* **EXERCISE INPUT**
****************
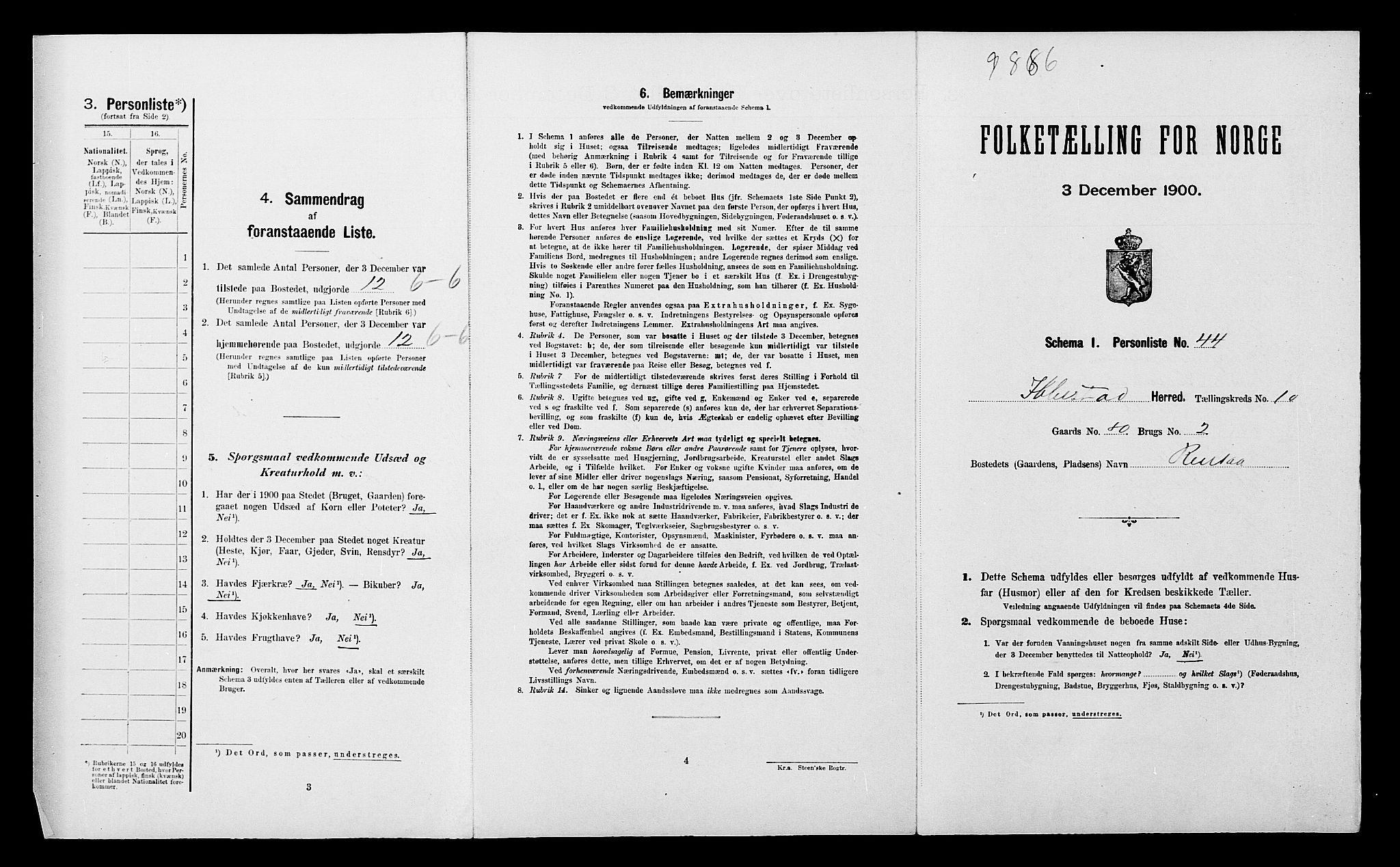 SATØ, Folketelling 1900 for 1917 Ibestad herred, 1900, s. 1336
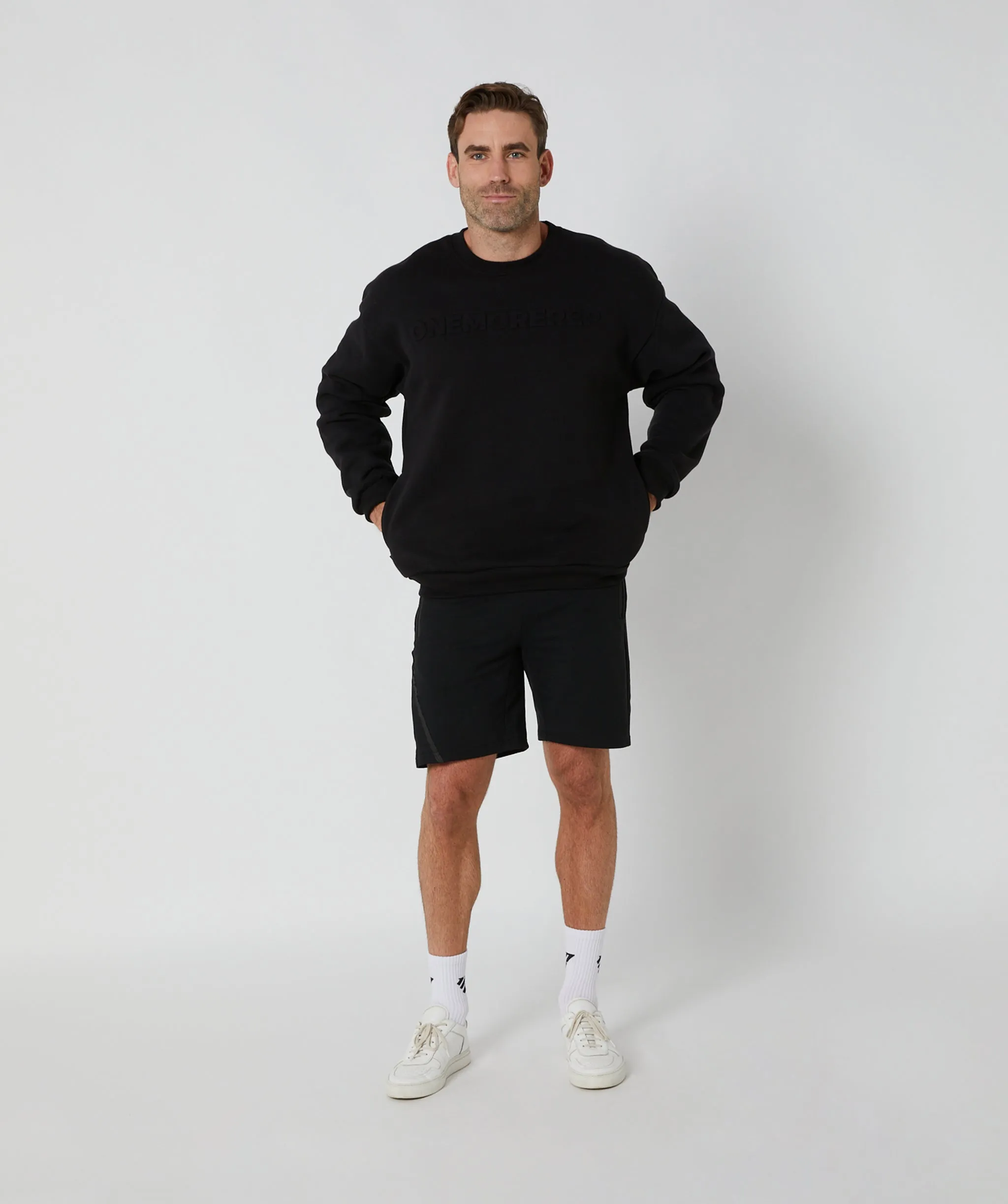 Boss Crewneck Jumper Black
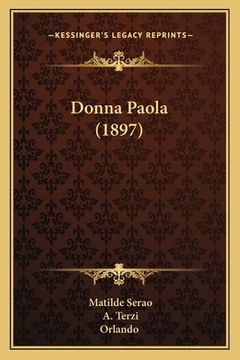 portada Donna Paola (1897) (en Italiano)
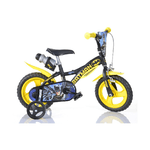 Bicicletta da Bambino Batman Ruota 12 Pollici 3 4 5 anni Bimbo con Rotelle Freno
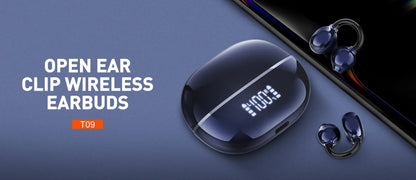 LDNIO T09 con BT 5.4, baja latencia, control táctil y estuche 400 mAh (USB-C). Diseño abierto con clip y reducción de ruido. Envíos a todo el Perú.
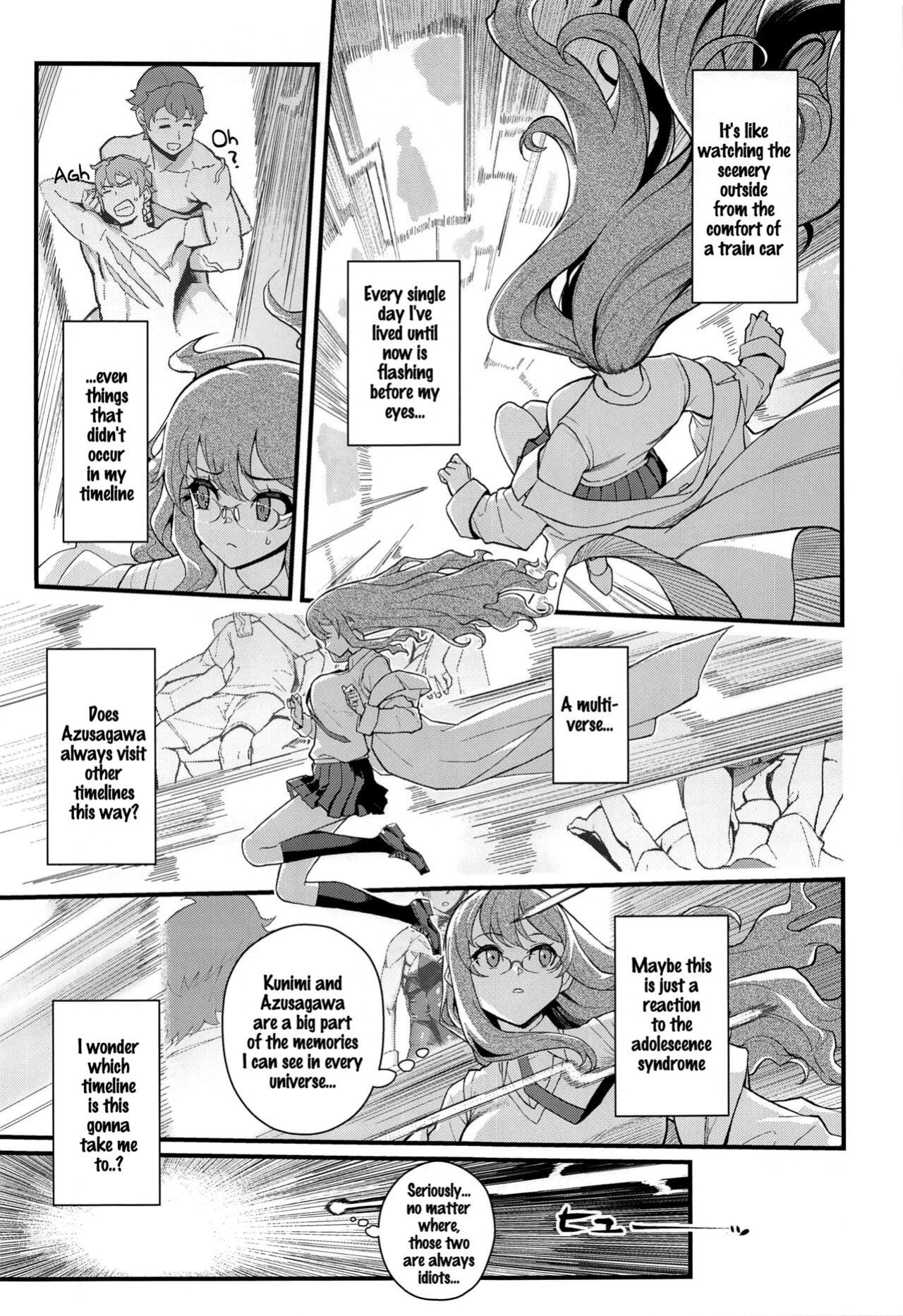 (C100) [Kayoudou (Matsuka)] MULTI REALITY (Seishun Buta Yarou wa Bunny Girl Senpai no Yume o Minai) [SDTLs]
****************
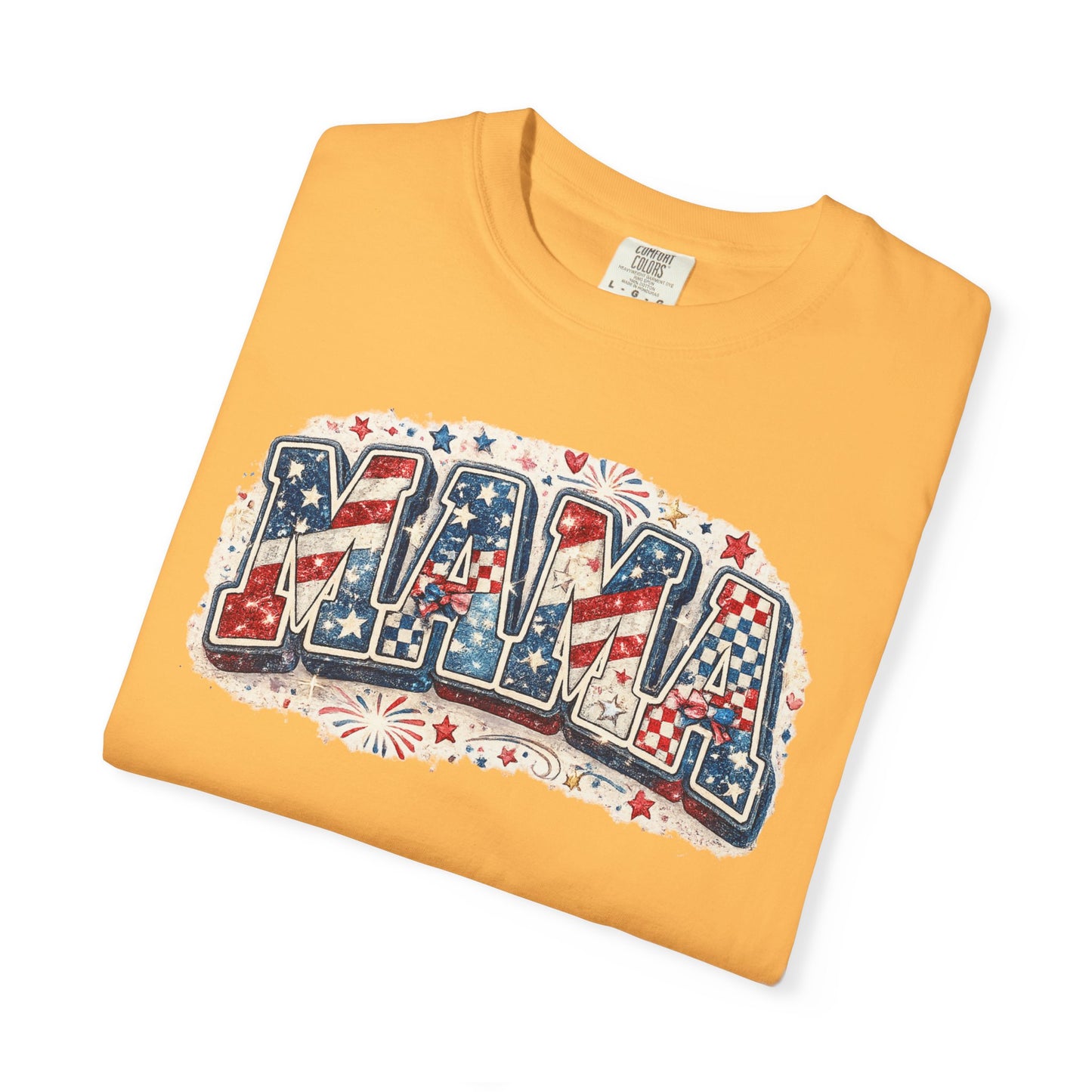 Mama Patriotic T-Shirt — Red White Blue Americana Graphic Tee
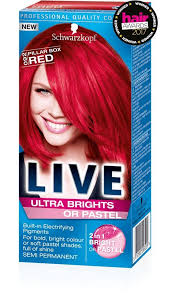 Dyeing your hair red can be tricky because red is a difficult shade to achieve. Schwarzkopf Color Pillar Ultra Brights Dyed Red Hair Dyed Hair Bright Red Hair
****************
* **WORK ITEM**
From the records above, give again only the part that opens with the line containing "Boss Crewneck Jumper Black" and closes with the line containing "(C100) [Kayoudou (Matsuka)]". Keep both ends but drop the pictures.

* **SOLUTION TO THE EXERCISE**
 Boss Crewneck Jumper Black
 portada Donna Paola (1897) (en Italiano)
 Bicicletta da Bambino Batman Ruota 12 Pollici 3 4 5 anni Bimbo con Rotelle Freno
 LDNIO T09 con BT 5.4, baja latencia, control táctil y estuche 400 mAh (USB-C). Diseño abierto con clip y reducción de ruido. Envíos a todo el Perú.
 (C100) [Kayoudou (Matsuka)] MULTI REALITY (Seishun Buta Yarou wa Bunny Girl Senpai no Yume o Minai) [SDTLs]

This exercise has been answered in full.